I can't write a book on statistics, but there are any number of scholarly books and articles on the subject.  One popular book is Nate Silver, The Signal and the Noise (2012), here.  I will mention Silver again below, although I can't resist saying that Silver was the "gold standard" in projecting the outcome of the 2012 presidential elections.  See Nate Silver's Wikipedia entry here.  I mention also Charles Whelan, Naked Statistics: Stripping the Dread from the Data (2012), here.

Let's see what the Fourth Circuit did in its statistical exegesis in Ukwu.  I note at the outset that  opinion is an unpublished per curiam opinion.  I won't go into a rant about unpublished opinions, not to mention unattributed per curiam opinions.  I have done that elsewhere and, besides, nobody is or should be interested in my opinions on such opinions.  I do say that it is some type of "junior" opinion deemed to be of less significance than published opinions in terms of adding to the law.  (Perhaps this could be compared to the difference between Memorandum and Regular Tax Court Opinions.)  Let's get right to to opinion:

The Court gave us the key background (but not the details) as follows:
After Mr. Ukwu's jury conviction, the government estimated how much money Mr. Ukwu took from federal and state coffers. It concluded that Mr. Ukwu's criminal behavior created tax losses of $2.1 million, which corresponds to a base offense level of 22 under § 2T4.1 of the United States Sentencing Guidelines Manual. 

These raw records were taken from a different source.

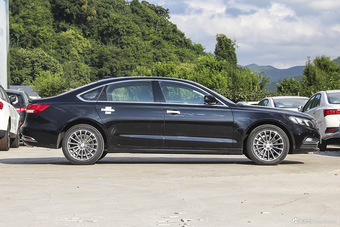 2016款众泰Z700 1.8T自动DCT典雅型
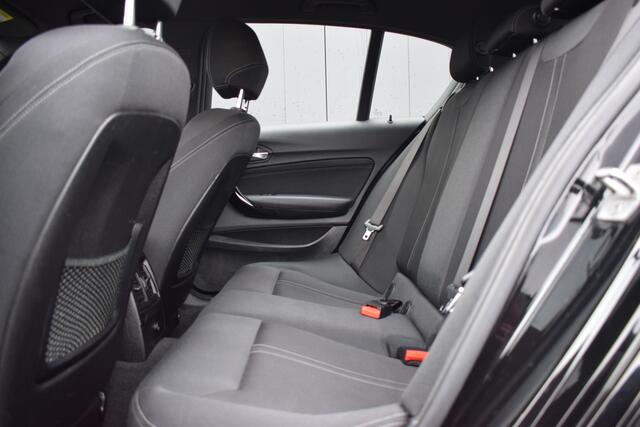 BMW 1-SERIE 118i Automaat Sport Line Shadow Executive LED | Full Map Navi | Sportstoelen | ECC | Volledig Onderhouden!!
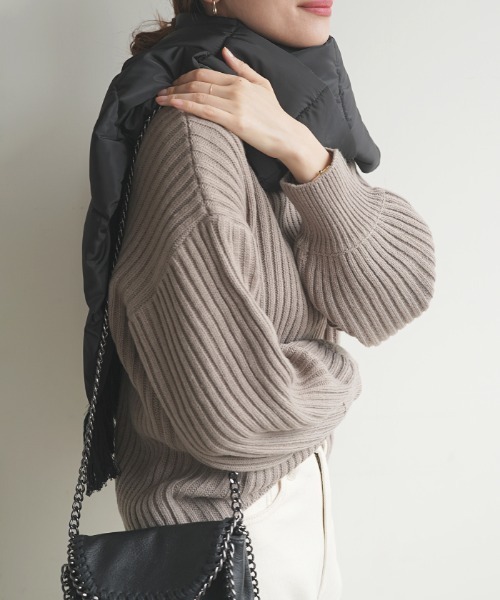 Futier land(フューティアランド)の「中綿キルトボリュームマフラー(マフラー・レディース・ライトグレー/ブラック/アイボリー・FREE)」の17枚目の写真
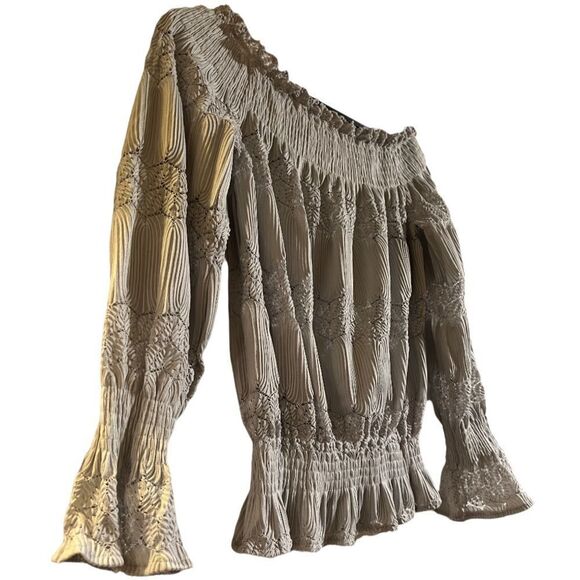 😊 3/$30 
New! lace off-or-on shoulder blouse Sz S dusty grey/blue - Picture 3 of 9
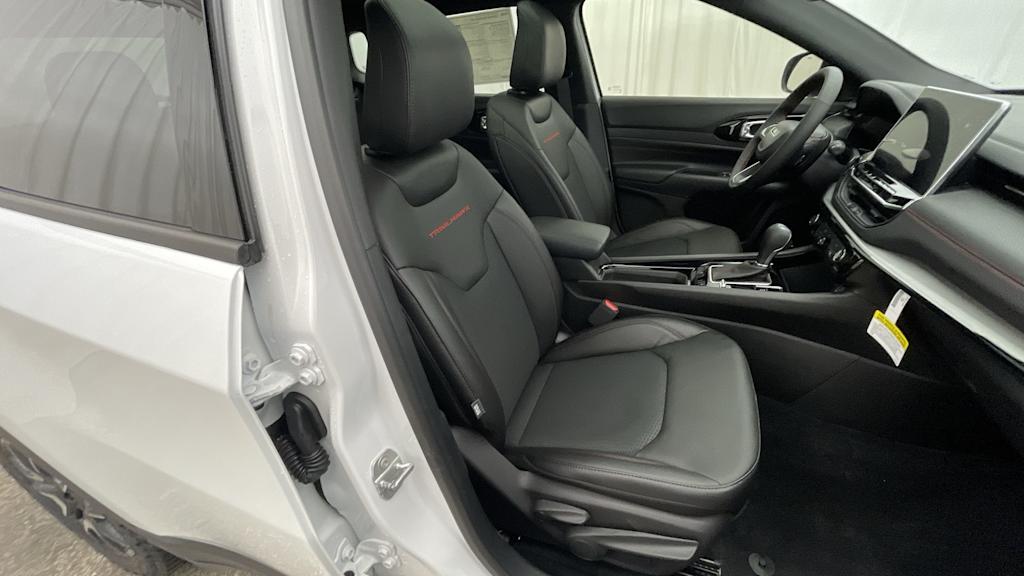 Thumbnail: 2026 Jeep Compass - 24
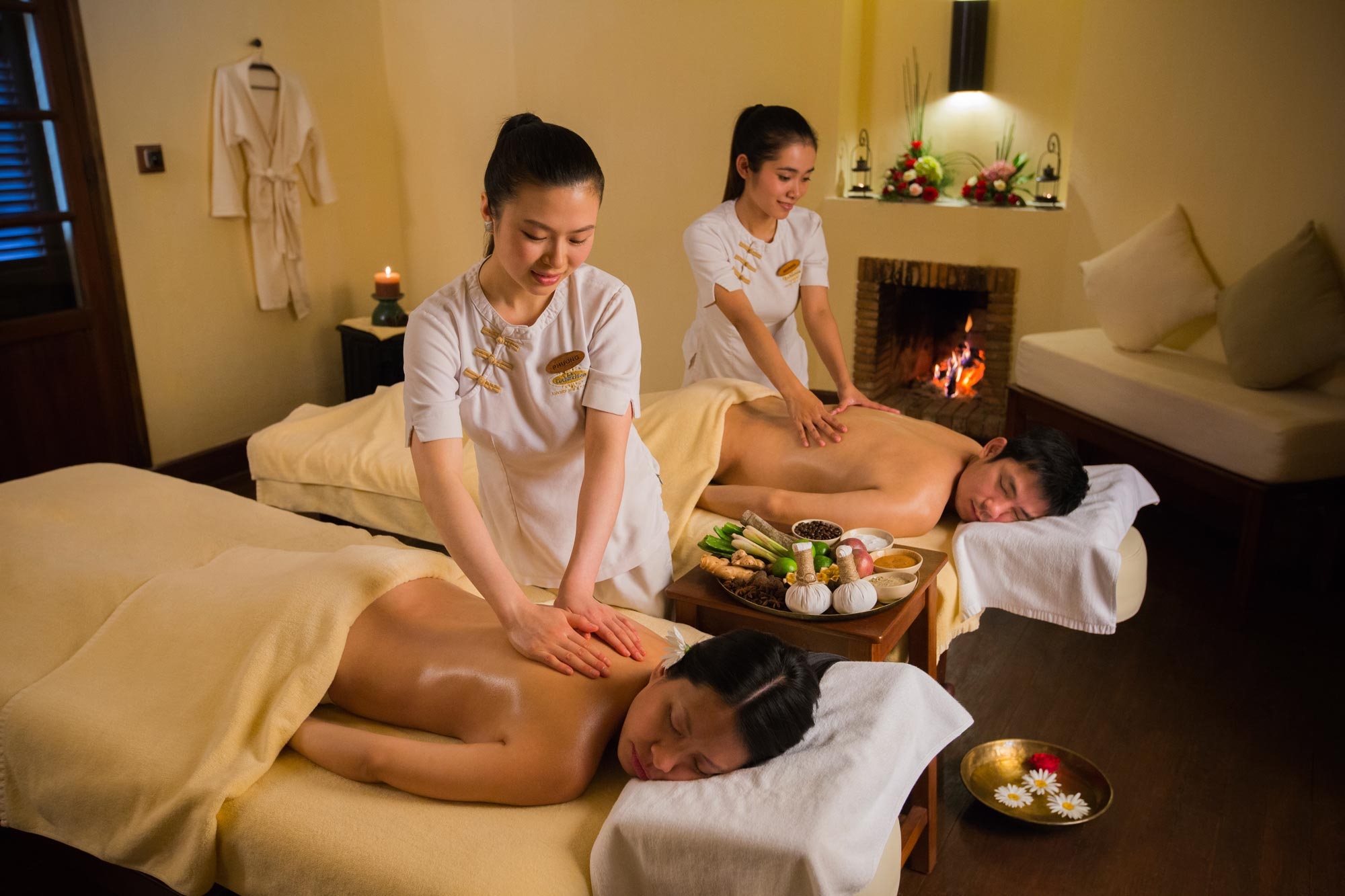 Vietnam Massage Girl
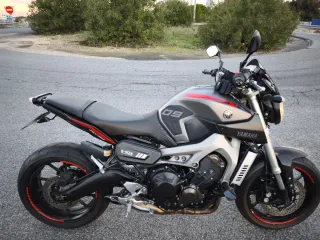 Yamaha MT-09 900cc Naked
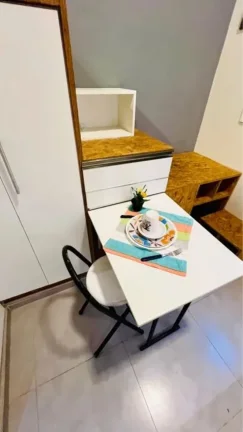 Imagem Apartamento para locação em Sorocaba-SP, bairro Caputera: 1 quarto, 1 sala, 1 banheiro, 1 vaga, 42m². Venha conferir!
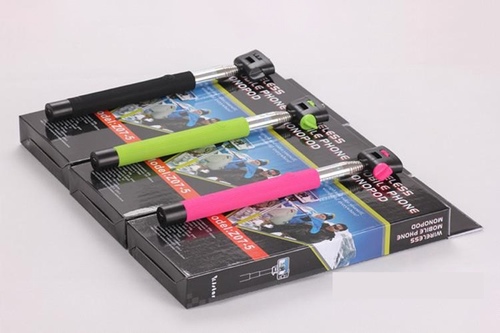 מוט סלפי עם כפתור Bluetooth לצילום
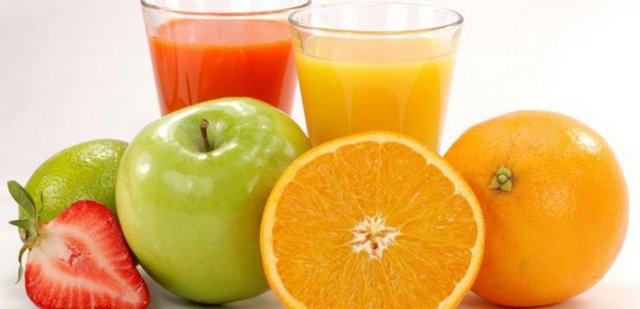 "Taze sıkılmış meyve suyu bile yağlanmaya neden olur' - "Taze sıkılmış meyve suyu kan şekerini ve insülini yükseltir ve yağlanmaya başlarsınız. Meyve suları karaciğeri yağlandırır. Meyve sularında fruktoz (meyve şekeri) ve glikoz vardır. Alkol alanlarda nasıl bira göbeği oluşuyorsa, fruktoz da vücuda girince karaciğerde yağ olarak depolanır. Meyve suyu ve şekerli içeceklerden dolayı ve hareket etmemeleri nedeniyle çocukların da göbeği yağlanır. Bugün 12-13 yaşındaki erkek çocuklarının göbeği, memeleri, kalçaları büyüyor. Plajda denize girmeye utanıyorlar. Ama kabahat onların değil, ana babalarının. Çünkü sürekli şekerli içecek içmeye özendiriliyorlar. Bu çok yanlış! Çocuklar ayran, su ve şekersiz çay içmeli. Çocuklarımızı nasıl beslersek, neyle beslersek, o şekilde gelişirler, o biçimde büyürler unutmayalım. Ne ekersek onu biçeriz!"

On appeal, Mr. Ukwu takes issue with the $2.1 million estimate, arguing that a preponderance of the evidence shows that his ill-gotten gains amounted to less than $1 million. Specifically, he argues that the district court's method of estimating the tax shortfall was unsound because it used a small, flawed sample of tax returns to make inferences about another 1000 returns that he prepared. Based in part on its estimate, the district court sentenced Mr. Ukwu to 51 months in prison. Mr. Ukwu filed a timely appeal.

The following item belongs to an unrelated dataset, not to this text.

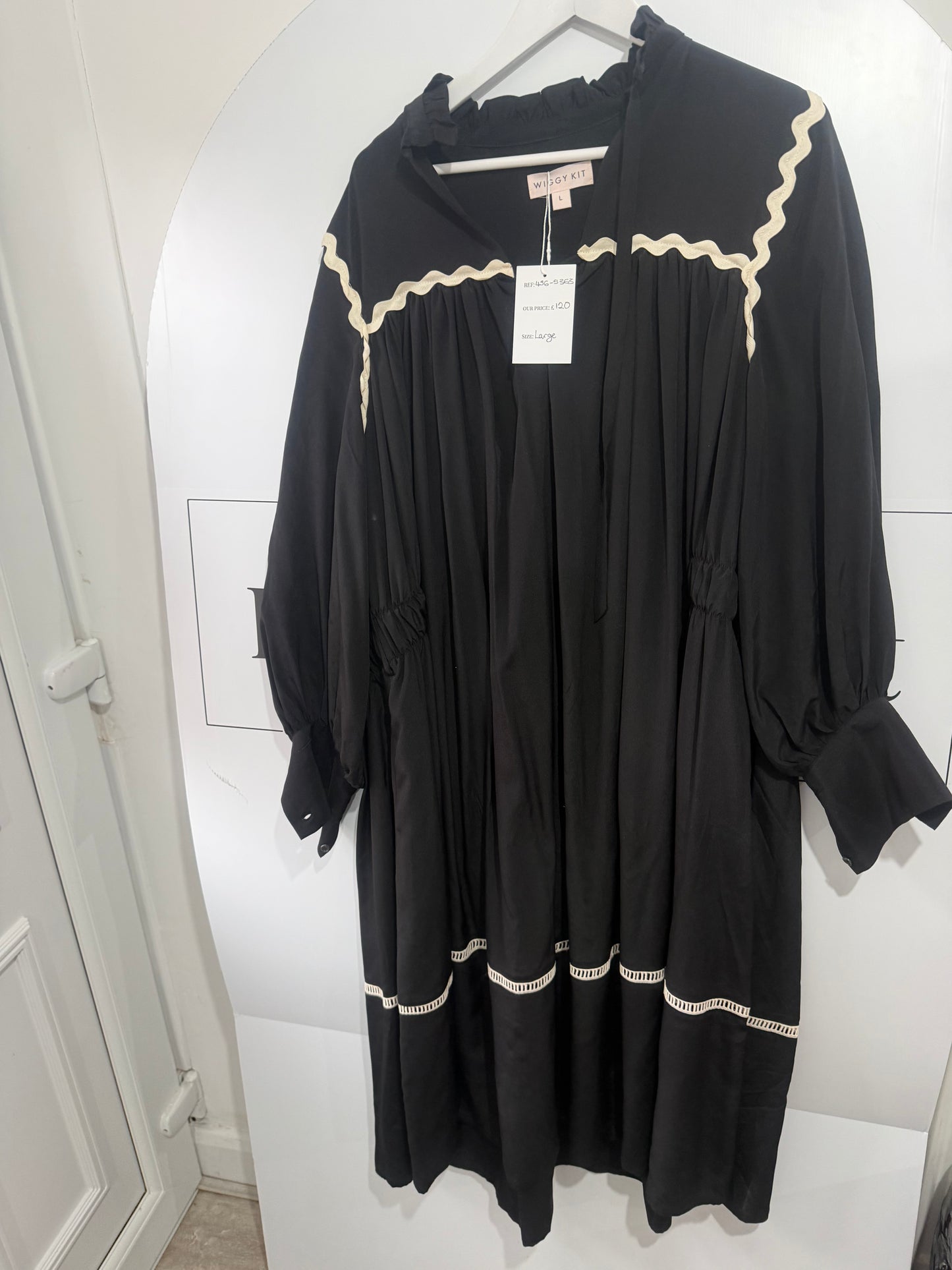 Black Wiggy Kit Dress, Size Large
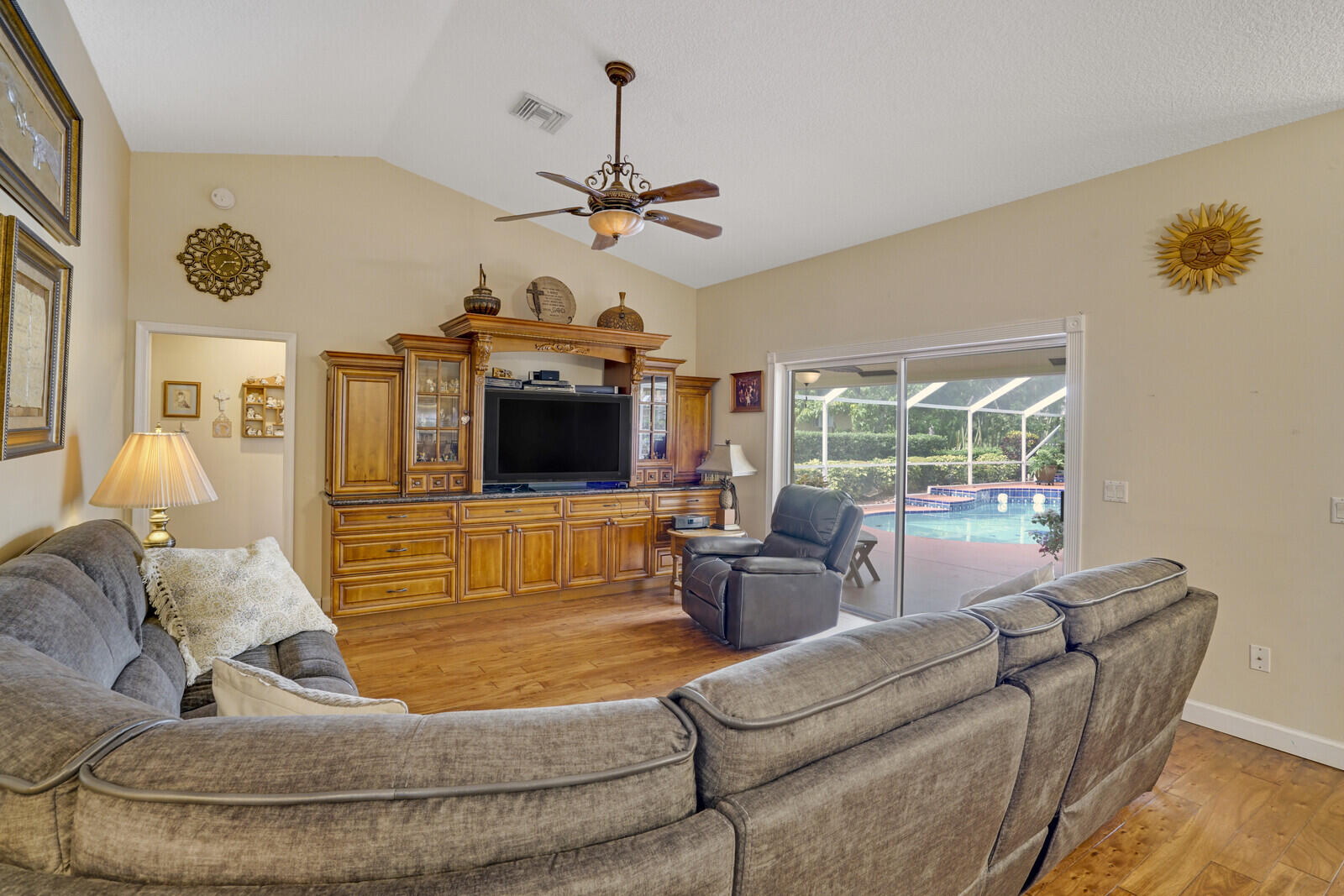 1811 Lindsey Court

Then, because Ukwu did not challenge the method at sentencing, the Court applied a "plain error" standard of review.  (This is a stretch, but perhaps plain error is like "plain meaning" in statutory interpretation, as to which the subjective eye of the beholder is the determinant.)  With that standard set, the Court then moves into more detail about the statistical methodology used at sentencing:
Mr. Ukwu takes issue with how the district court reached its conclusion that his crimes caused over $1 million in tax losses. The sentencing court faced a difficult problem because of the sheer size of Mr. Ukwu's potential fraud. Mr. Ukwu prepared roughly 1,000 tax returns that reported business losses, but the sentencing court and the IRS do not have time to audit each return, interview each taxpayer, and identify the extent of Mr. Ukwu's crimes. As a result, the government had to rely on sampling techniques to make inferences about the universe of 1,000 tax returns. Essentially, the government had to take a spoonful of sauce out of the pot to assess whether the whole batch was spoiled. 
The government used two samples of Mr. Ukwu's 1,000 prepared tax returns to answer the following question: how often did Mr. Ukwu invent Schedule C losses from whole cloth? First, the government relied on a sample of 18 returns that were used at Mr. Ukwu's criminal trial. These returns all reported Schedule C losses and contained loss descriptions that were vague, undocumented, and suspicious. Based on the testimony from the taxpayers involved, the government concluded that 16 out of 18 returns had Schedule C losses that were entirely false. The two remaining returns were disputed. Using these numbers, the government found that 88.88% of the returns in this sample used entirely false Schedule C losses. Note, however, that the returns investigated at trial were chosen for investigation specifically because they contained very high tax loss amounts. Thus, this was not a random sample of returns. 
To solve this problem, the government then collected a random sample of returns to confirm its initial findings. The government drew 24 returns from the universe of 1,000 returns that contained Schedule C losses. n1 Then, investigators analyzed these returns and found that every single one had large Schedule C losses that were vague, undocumented, and suspicious. That is, these returns exhibited the same pattern questionable Schedule C descriptions as the non-random sample of returns that were investigated at trial.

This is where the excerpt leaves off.